Ceci est d’autant plus préjudiciable qu’un nombre important de tâches qui nécessitaient auparavant l’aide d’une tierce personne ne peuvent être réalisées que grâce au web :

- Accès et réception de formulaires administratifs,
- Inscription dans des écoles, à des concours…,
- Recherche d’emploi et envoi de CV en ligne,
- Réception de factures, de relevés bancaires…,
- Accès aux médias culturels : livres, films, musiques…

L’utilisation des réseaux sociaux, comme Facebook, Twitter, blogs, etc. ont tendance à prendre une place croissante. L’accessibilité insuffisante de leurs interfaces contraint souvent les utilisateurs d’aides techniques à adopter, quand ils existent, des logiciels de gestion et de consultation alternatifs, même si ces derniers disposent de fonctionnalités moindres.

Avec le développement des programmes et des données délocalisées ou « cloud computing », le web pourrait devenir le principal, voire le seul moyen d’utiliser une application bureautique.

Une accessibilité, même partielle, de ces nouvelles technologies constituerait une régression, tant pour un usage personnel qu’en milieu professionnel où les possibilités d’intégration s’en trouveraient sensiblement réduites.

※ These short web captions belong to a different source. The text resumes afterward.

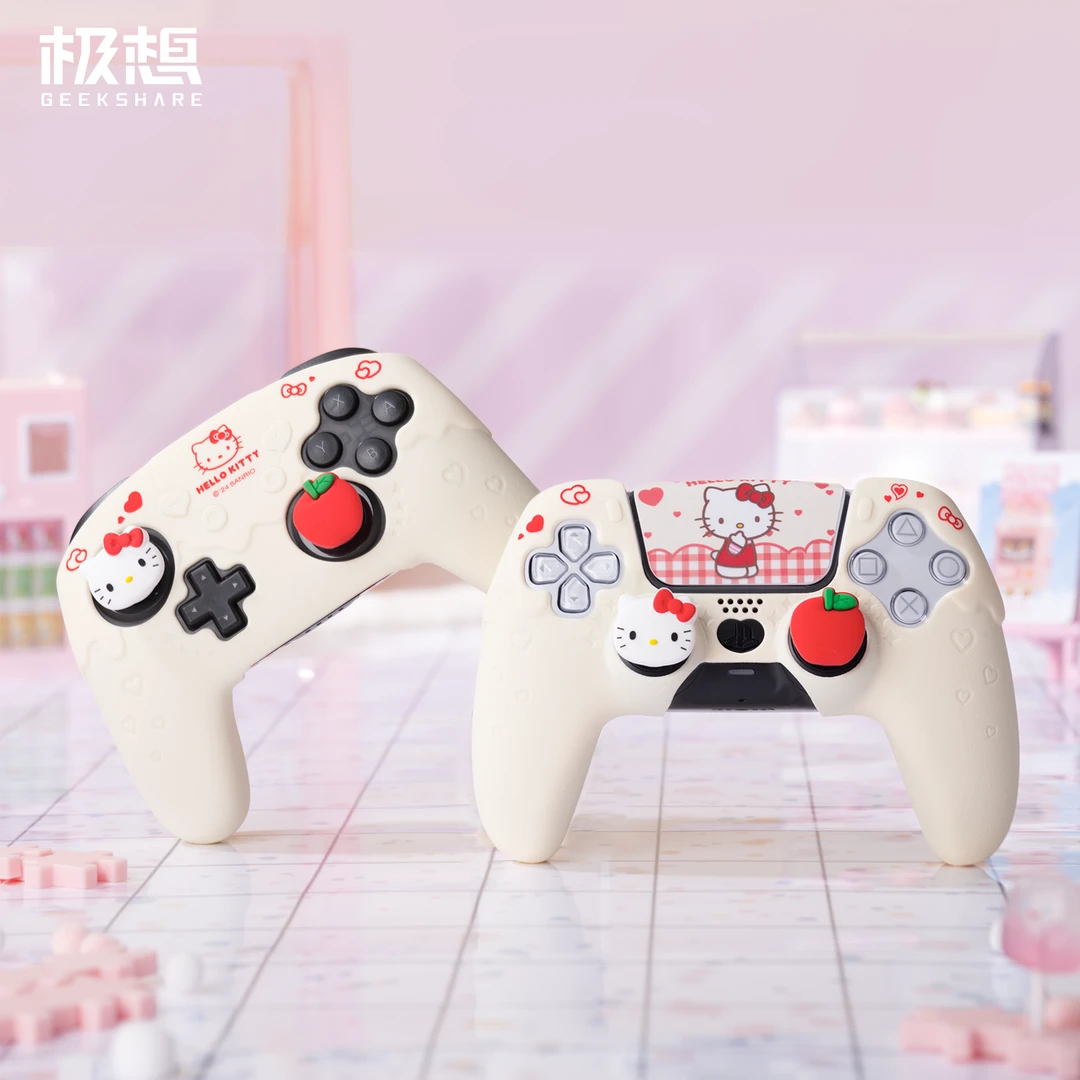极想PS5/NS Pro手柄保护套硅胶壳防滑防汗软壳可爱卡通摇杆帽套装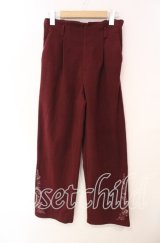 axes femme / 裾刺繍起毛ストレートパンツ M ワイン O-25-12-09-035-AX-PA-OW-OS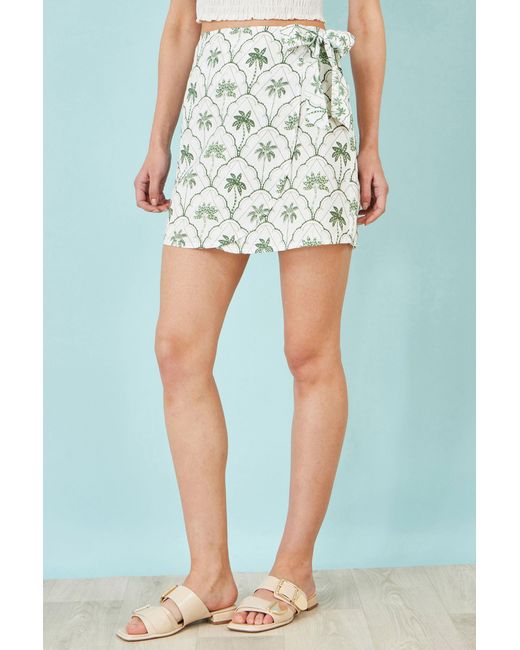 Yumi' Green Palm Print Cotton Wrap Skirt
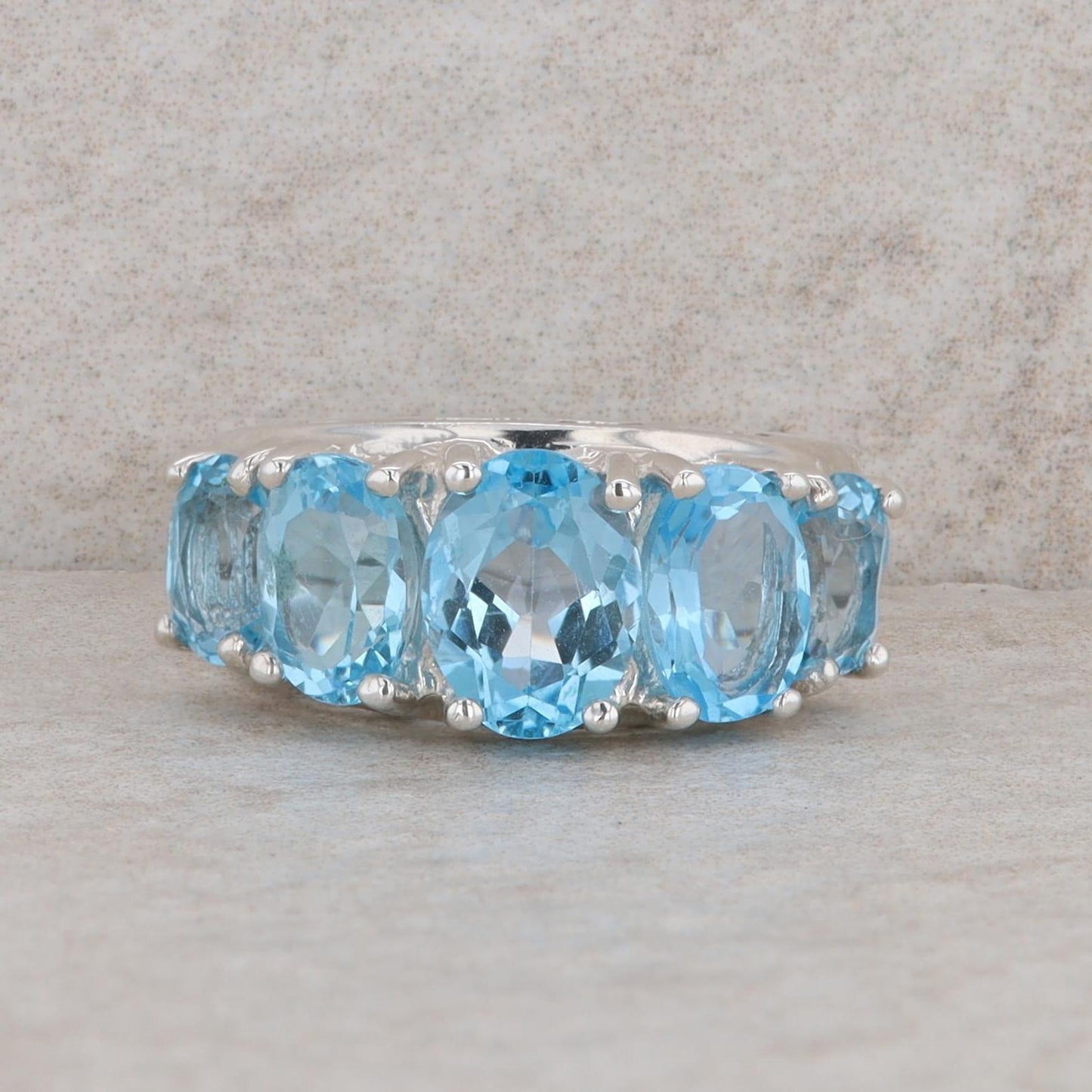 Sterling Silver 5 Oval Swiss Blue Topaz Ring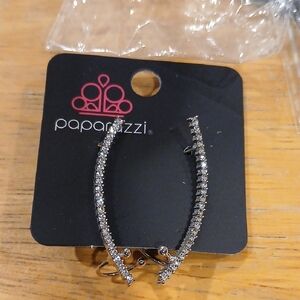 Paparazzi Dazzling Silver Rhinestone Earrings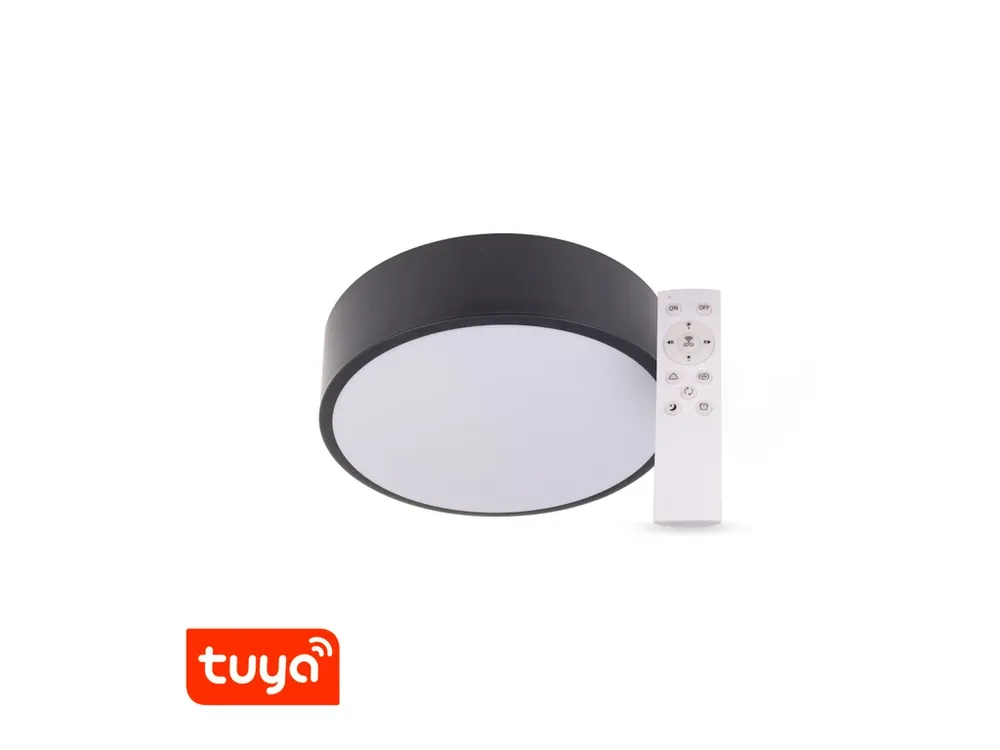 SMART Tuya LED svítidlo RENDO 24W CCT kulaté černé | Sleva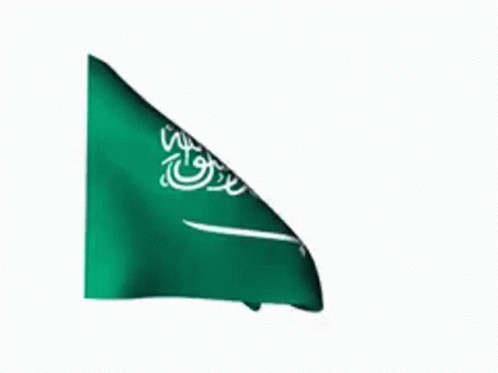 A Green And White Flag With Arabic Writing Is Waving In The Wind . GIF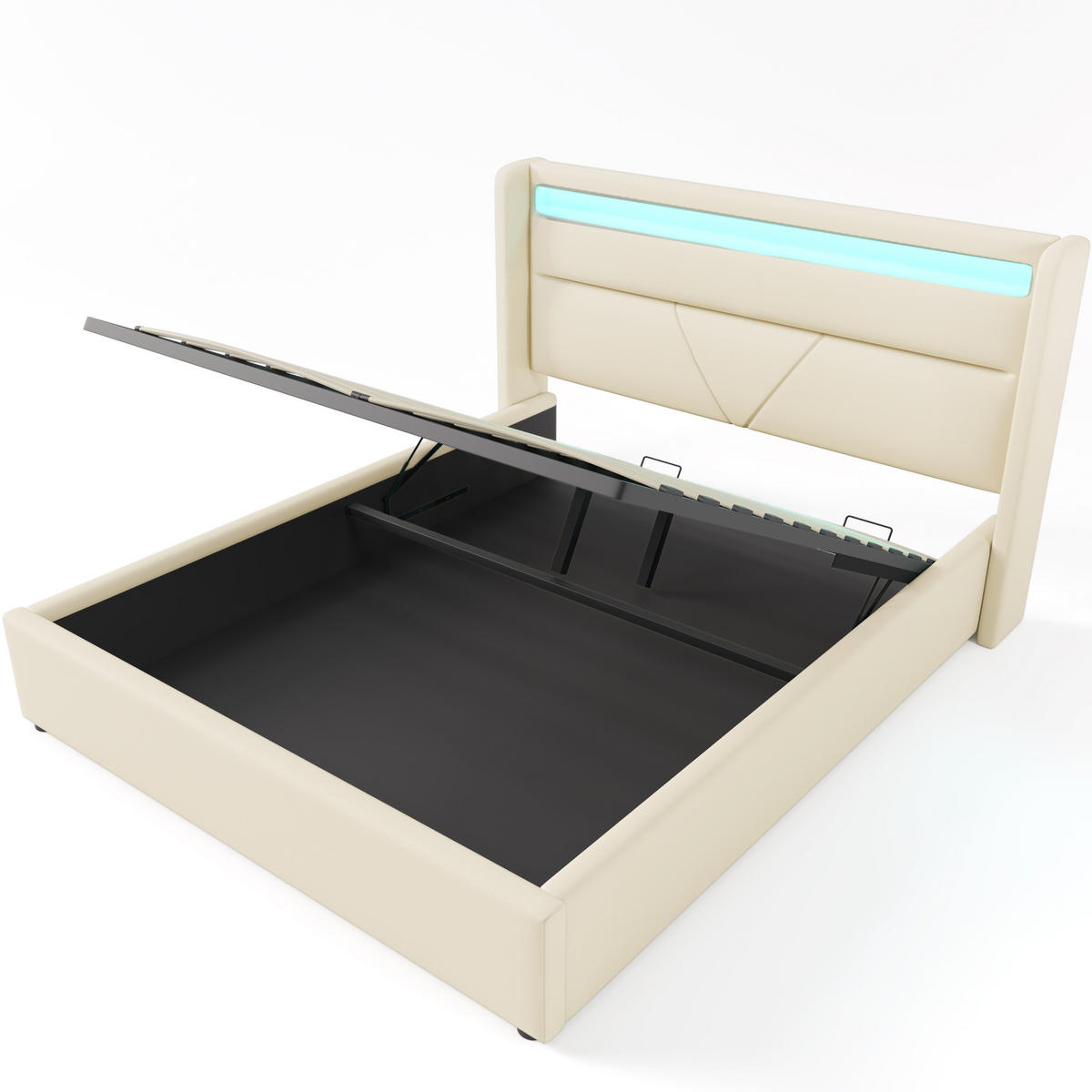 POLSTERBETT 140/200 cm Weiß aus PU mit LED-Beleuchtung und Bettkasten - Weiß, Kunststoff (140/200cm) - OKMYHOME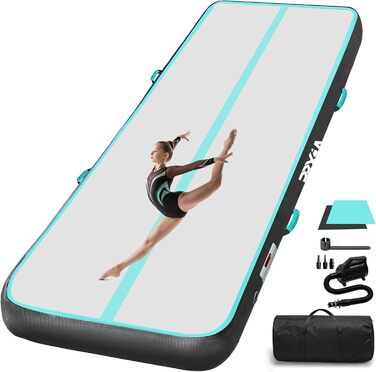 Гімнастична килимок Air Matte Track 3M/4M/5M/6M, килимок для стрибків та гімнастики 10/20 см заввишки з повним аксесуаром, надувний килимок для гімнастики для дому та на вулиці, йога (м'ятно-чорний, 600*100*20 см)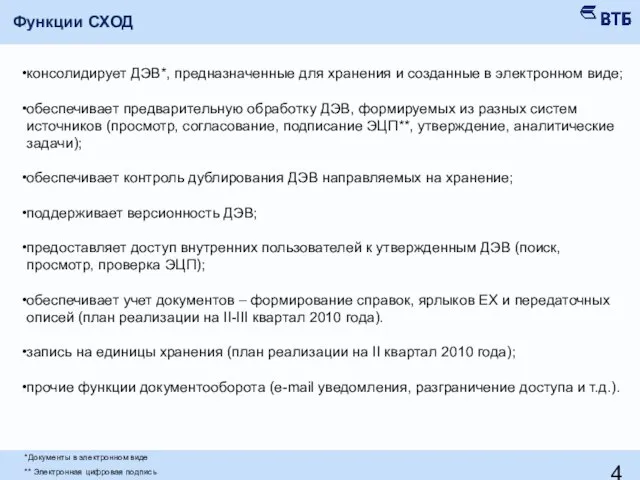 Функции СХОД *Документы в электронном виде ** Электронная цифровая подпись консолидирует ДЭВ*,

Le Web, autrefois cantonné à un usage sédentaire essentiellement sur un ordinateur, a bénéficié de l’évolution technologique des matériels et de l’augmentation des débits des liaisons sans fils pour permettre aujourd’hui une utilisation sur des plateformes très diversifiées, qu’elles soient fixes ou mobiles (téléviseurs, Smartphones, tablettes…).

Ces dispositifs intègrent des systèmes et des logiciels plus ou moins adaptés pour une utilisation par les personnes aveugles ou malvoyantes.

Le clavier n’est également plus le seul moyen d’interaction avec des contenus Web.

Les traditionnelles commandes au clavier risquent d’être négligées de plus en plus, tandis que d’autres méthodes sans alternatives semblent surgir (écrans tactiles, commandes vocales, reconnaissance de mouvement, etc.). En fonction du produit et de la technologie utilisée, qu’adviendra-t-il de l’accessibilité au web à l’aide de ces futurs matériels et logiciels pour les personnes non ou malvoyantes ?

Face à ces enjeux, un cadre législatif plaçant l’accessibilité et la conception universelle au centre des débats serait une forte incitation vers une meilleure prise en compte de l’accessibilité des contenus du web.

Un espoir s’est fait jour récemment aux États-Unis avec la signature par le Président Barack Obama, le 8 octobre 2010, d’une Loi venant amender l’ADA (Americans with disabilities Act :

http://markey.house.gov/index.php?option=content&task=view&id=4106&Itemid=125

Avec différentes échéances, les concepteurs de matériels, logiciels et services devront dorénavant prendre en compte l’accès aux contenus du Web par les personnes aveugles ou malvoyantes au travers d’interfaces utilisateur telles que les Smartphones.